If you’ve ever driven down Scio Church Road in Ann Arbor, there’s a good chance you’ve seen a barn with “M Go Blue” shingled into the side of its roof. The barn has long been a local Ann Arbor landmark, and even gotten national attention with shots of it showing up on ESPN during college football games. Now, the family that owns the barn is hoping to give it a second life as a beer garden and restaurant.
Bill Parker and his wife, Katie, have owned the barn and the accompanying house and property since 1992. He said that the “M Go Blue” roof that made the barn iconic was actually “quite an accident.” When they first bought the property and were making repairs on the house, Bill realized the barn’s roof was in need of a replacement.
“That's the beginning of the end for barns, when the roof fails. Pretty soon then, they rot and they fall down.”
When Bill hired someone to replace it, the company said they could put a picture on one side of it for free.
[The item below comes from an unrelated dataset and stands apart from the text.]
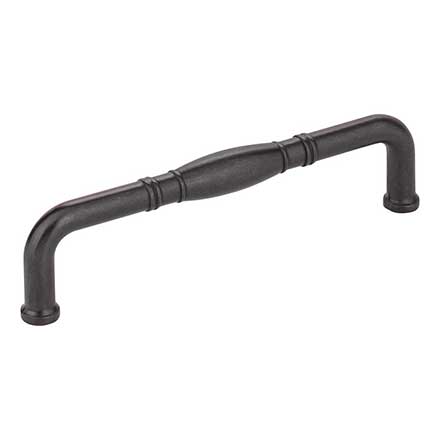 Jeffrey Alexander [Z290-128-DACM] Die Cast Zinc Cabinet Pull Handle - Durham Series - Oversized - Gun Metal Finish - 128mm C/C - 5 1/2&quot; L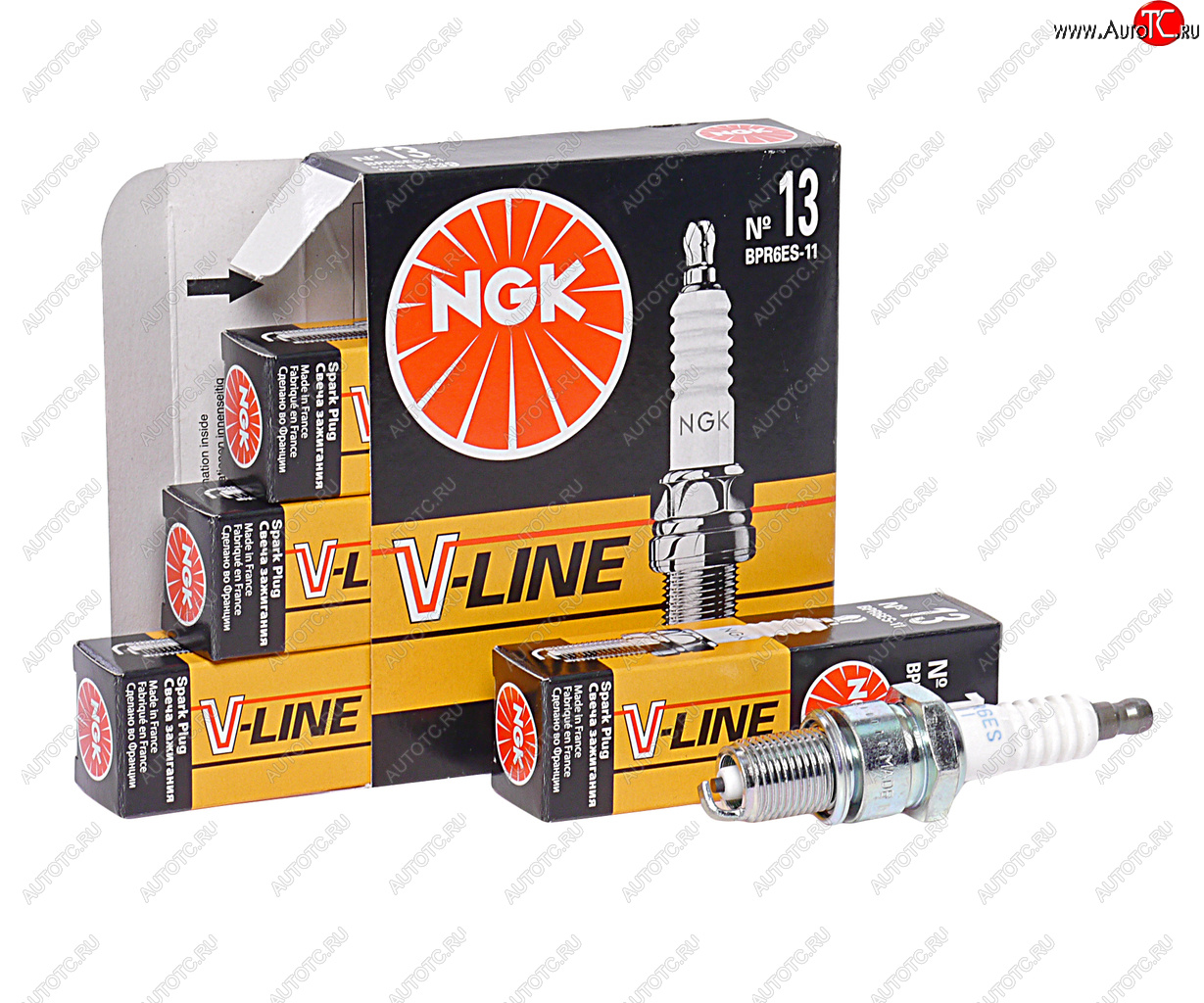 529 р. Свеча зажигания ВАЗ-2111 V8 V-LINE №13 NGK (1шт.) NGK 5339  с доставкой в г. Пермь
Would he like farm animals or maybe the family name? Bill said neither of those options seemed appealing. It was Parker’s son Chris, who was working on college applications at the time, that suggested they spell out “Go Blue.” It stuck.
Within a few years, Bill said that the barn gained a kind of celebrity status in the Ann Arbor community and beyond. Bill’s son Matt, who is spearheading the barn’s reinvention, remembers when it was featured on a Super Bowl ad for Nicotrol, a smoking cessation patch.
“We still don't even know how they picked us,” said Matt. “They told us they were just driving by and they saw it.”
The barn was frequently featured on the jumbotron at the University of Michigan’s football stadium, and the Goodyear blimp even started capturing pictures of it. The university’s alumni association made a video and print ads featuring the barn. It was also printed on banners that Michigan alumni scattered throughout the country used for meetups.
”It was the strangest thing,” Matt said. “When I went to see Michigan games in West Los Angeles, I would walk underneath a banner of my barn. It was very surreal.”
Whether for its clout or prime real estate, the Parkers, who also own the surrounding land, have been approached by multiple developers looking to build everything from churches to country-themed gas stations. But since those plans all would mean the end of the iconic barn, they turned down the offers. But as Bill and Katie reached retirement age, Matt said he wanted to solidify plans for the property.
“I started thinking, well, what can we do to support the barn as a business enterprise?” he recalled.
Matt pitched his family on the idea of saving the barn’s exterior while turning it into a space the public could experience in a different way — as a restaurant and beer garden called the “Barn and Grill.” Bill said he loved it.
They initially started raising money for the project on Kickstarter, but got picked up by a development company interested in bringing the “Barn and Grill” concept to life. The family hopes the project will bring the more than 100-year-old barn to the modern era, while keeping its long history alive.
“Just like many old dairy barns that were built around the same period,” Matt said, “it doesn't have the ability to be used as it once was, and it needs to be given a second life.”